- The poster for UFC Fight Night: Lamas vs. Penn
- Promotion: Ultimate Fighting Championship
- Date: October 15, 2016 (cancelled)
- Venue: Mall of Asia Arena
- City: Pasay, Philippines

Event chronology
| UFC 204: Bisping vs Henderson 2 | UFC Fight Night: Lamas vs. Penn | The Ultimate Fighter Latin America 3 Finale: dos Anjos vs. Ferguson |

= UFC Fight Night: Lamas vs. Penn =

UFC cancelled mixed martial arts event in 2016

UFC Fight Night: Lamas vs.

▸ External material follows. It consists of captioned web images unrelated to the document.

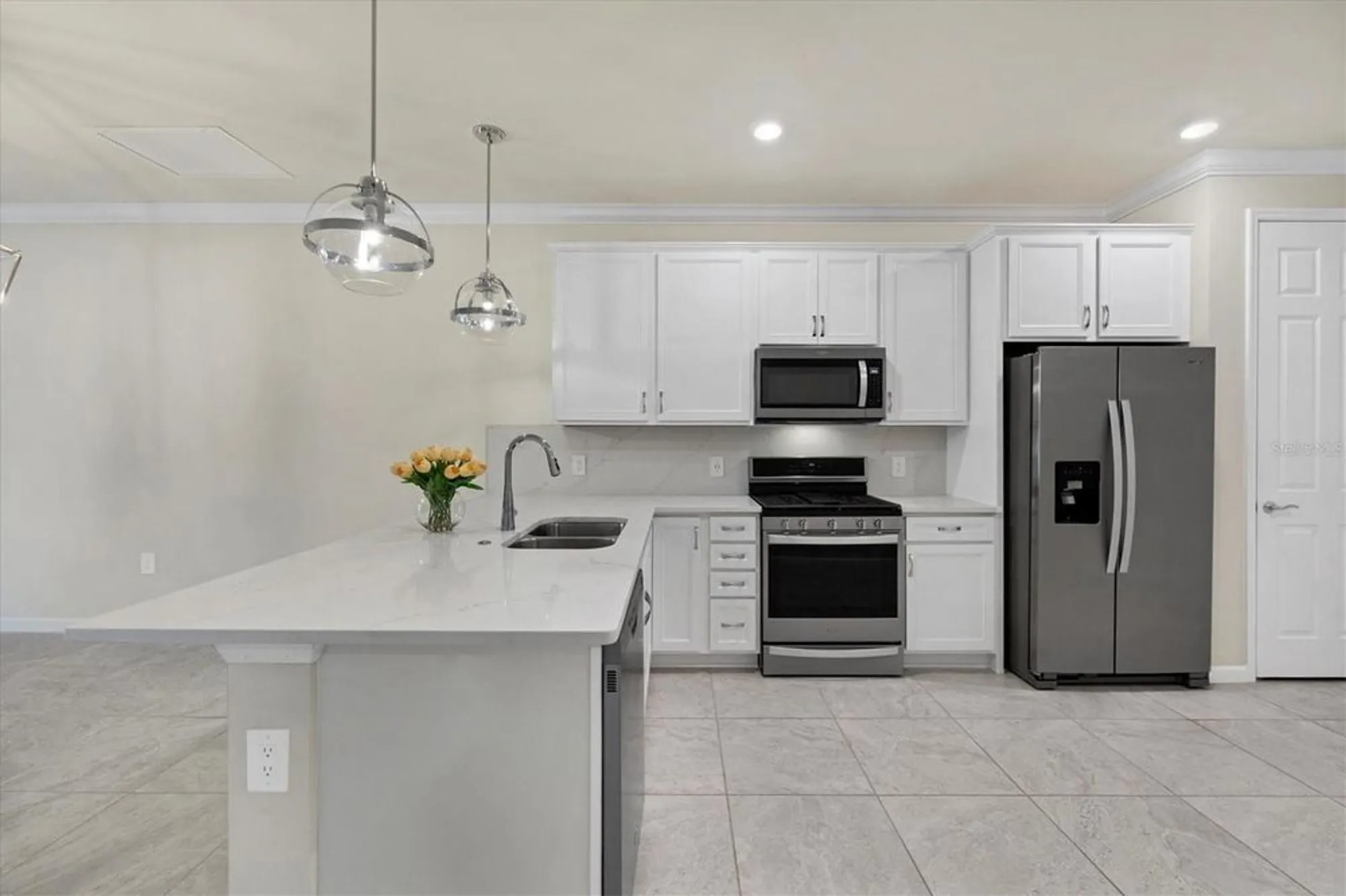 Property Slideshow image 11 of 58 | 17660 northwood pl, Bradenton, FL, 34202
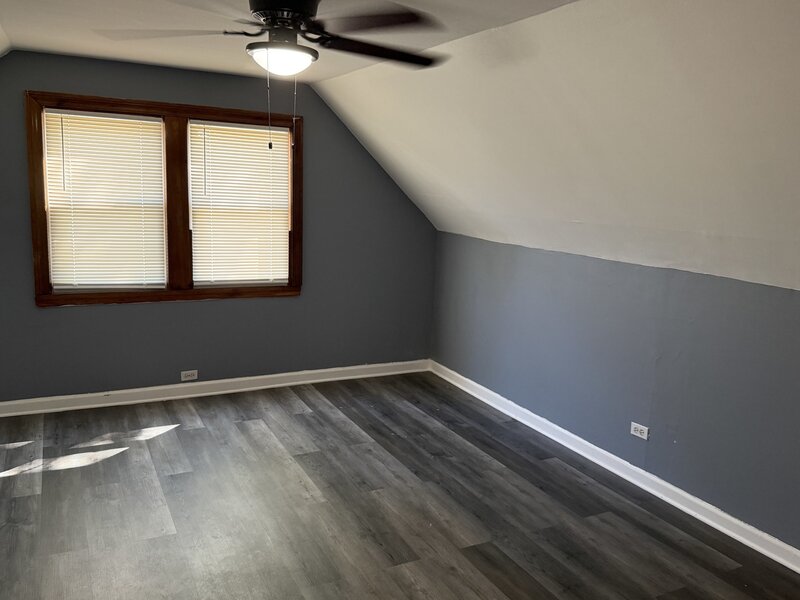 524 46th Avenue Bellwood IL 60104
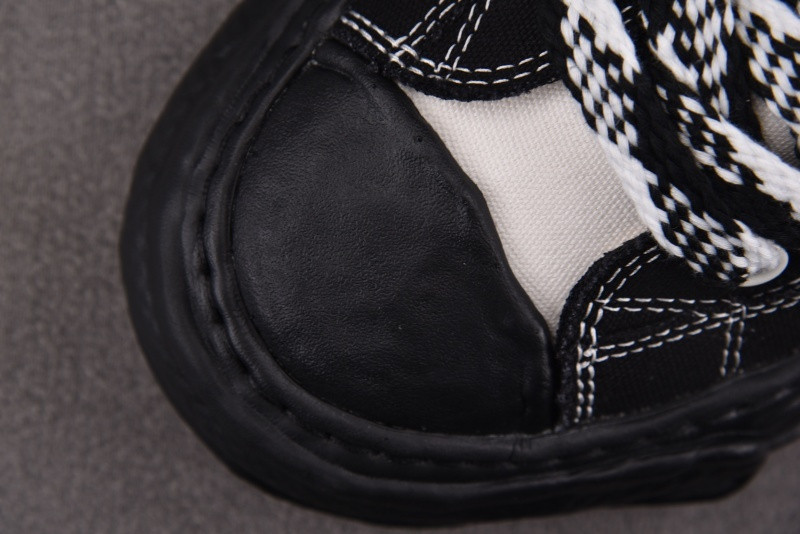 Ma1s0n Mihara Sneakers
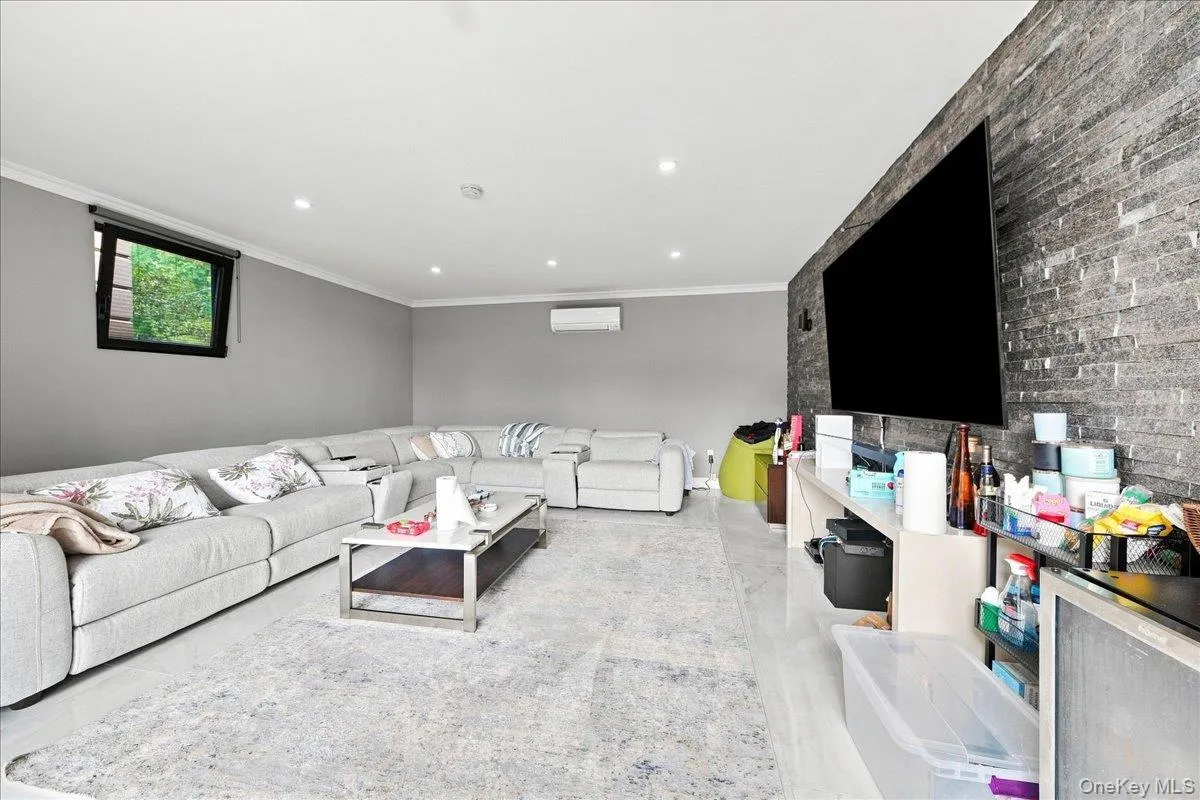 65 Wildway, Yonkers, NY, 5 Bedrooms Bedrooms, 14 Rooms Rooms,4 BathroomsBathrooms,Residential,For Rent,Wildway,0,1046201 65 Wildway, Yonkers, NY, 5 Bedrooms Bedrooms, 14 Rooms Rooms,4 BathroomsBathrooms,Residential,For Rent,Wildway,0,1046201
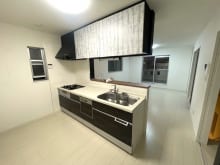 キッチン横にも窓があり、明るい日が差し込みます♪(キッチン)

Penn (also known as UFC Fight Night 97) was a planned mixed martial arts event that was set to be held by the Ultimate Fighting Championship on October 15, 2016, at the Mall of Asia Arena in Pasay, Philippines.

==Background==
The event in Pasay was supposed to be the second that the organization hosted in the Philippines, with the first being UFC Fight Night: Edgar vs. Faber on May 16, 2015. The entire event was supposed to stream live on UFC Fight Pass.

A featherweight bout between former title challenger Ricardo Lamas and former UFC Lightweight and Welterweight Champion B.J. Penn was expected to serve as the main event. However, on October 4, Penn pulled out of the fight citing an injury. In turn, the promotion announced on October 6 that they had cancelled the event entirely.

The remaining fighters on the card were all awarded their contracted show money despite not competing. All of the fighters on the card were rebooked for future events. This was the third time, following UFC 151 in September 2012, and UFC 176 in August 2014 that the promotion elected to cancel an event because of a lack of a high-profile fight to fill a main event spot.

A lightweight bout between Damir Hadžović and Yusuke Kasuya, initially scheduled for UFC 203, was postponed after Hadžović experienced an issue with his travel visa. The pairing was rescheduled and was expected to take place at this event.

Mehdi Baghdad was expected to face Jon Tuck at the event. However, Baghdad pulled out of the fight in mid-September citing injury and was replaced by promotional newcomer Alexander Volkanovski.